In your copy, include every line of the listing below exactly but none of the pictures.

════════════════

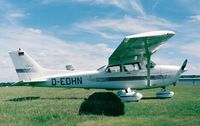 D-EDHN @ EDKB - Cessna 172R Skyhawk 2 at Bonn-Hangelar airfield - by Ingo Warnecke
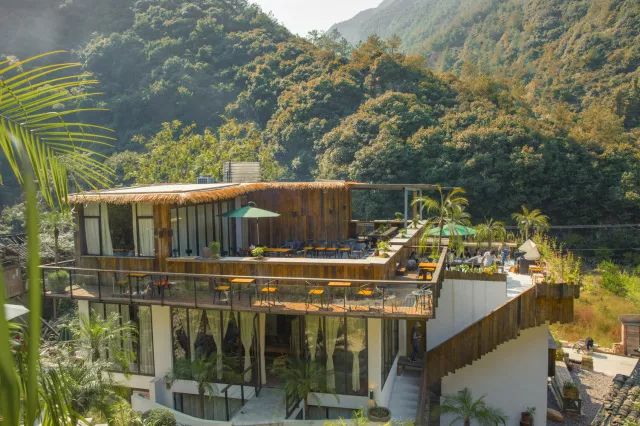 最美大山里的圖書(shū)館，感受美妙的讀書(shū)世界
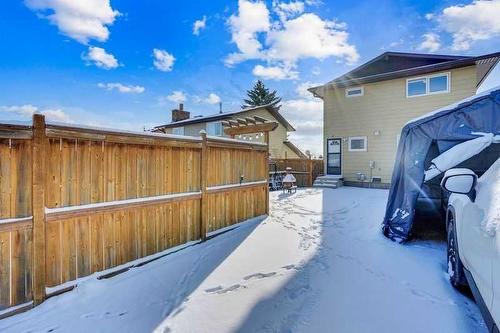 1248 Berkley Drive Nw, Calgary, AB - Outdoor With Exterior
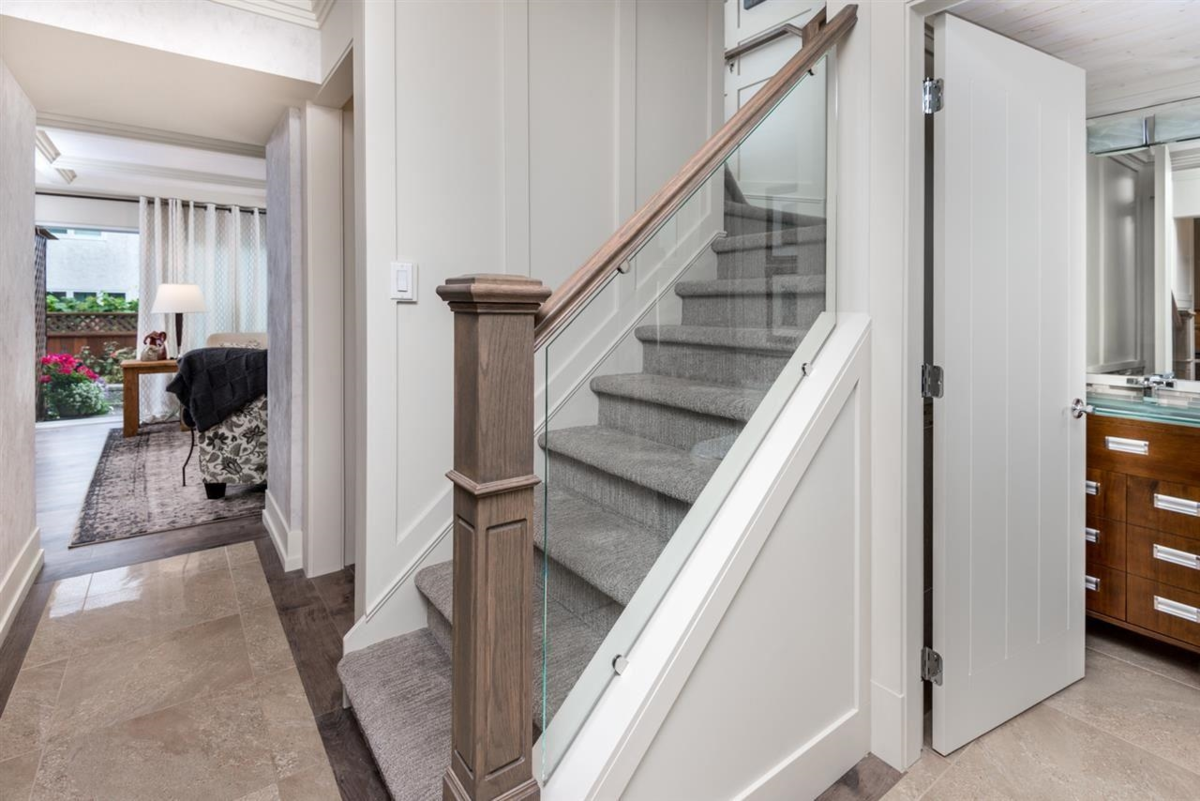 Exterior Front Photo of 116 32880 Bevan Way, Abbotsford, BC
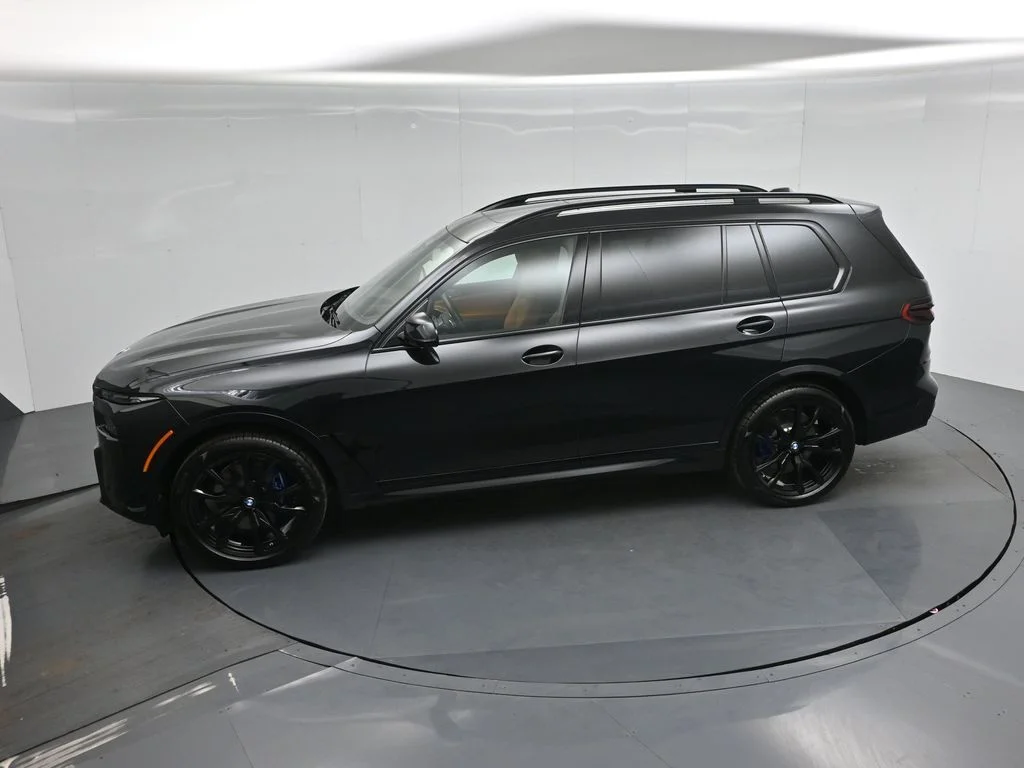 Used 2026 Black BMW xDrive40i image 45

════════════════

* **PROBLEM SOLUTION**:
 D-EDHN @ EDKB - Cessna 172R Skyhawk 2 at Bonn-Hangelar airfield - by Ingo Warnecke
 最美大山里的圖書(shū)館，感受美妙的讀書(shū)世界
 1248 Berkley Drive Nw, Calgary, AB - Outdoor With Exterior
 Exterior Front Photo of 116 32880 Bevan Way, Abbotsford, BC
 Used 2026 Black BMW xDrive40i image 45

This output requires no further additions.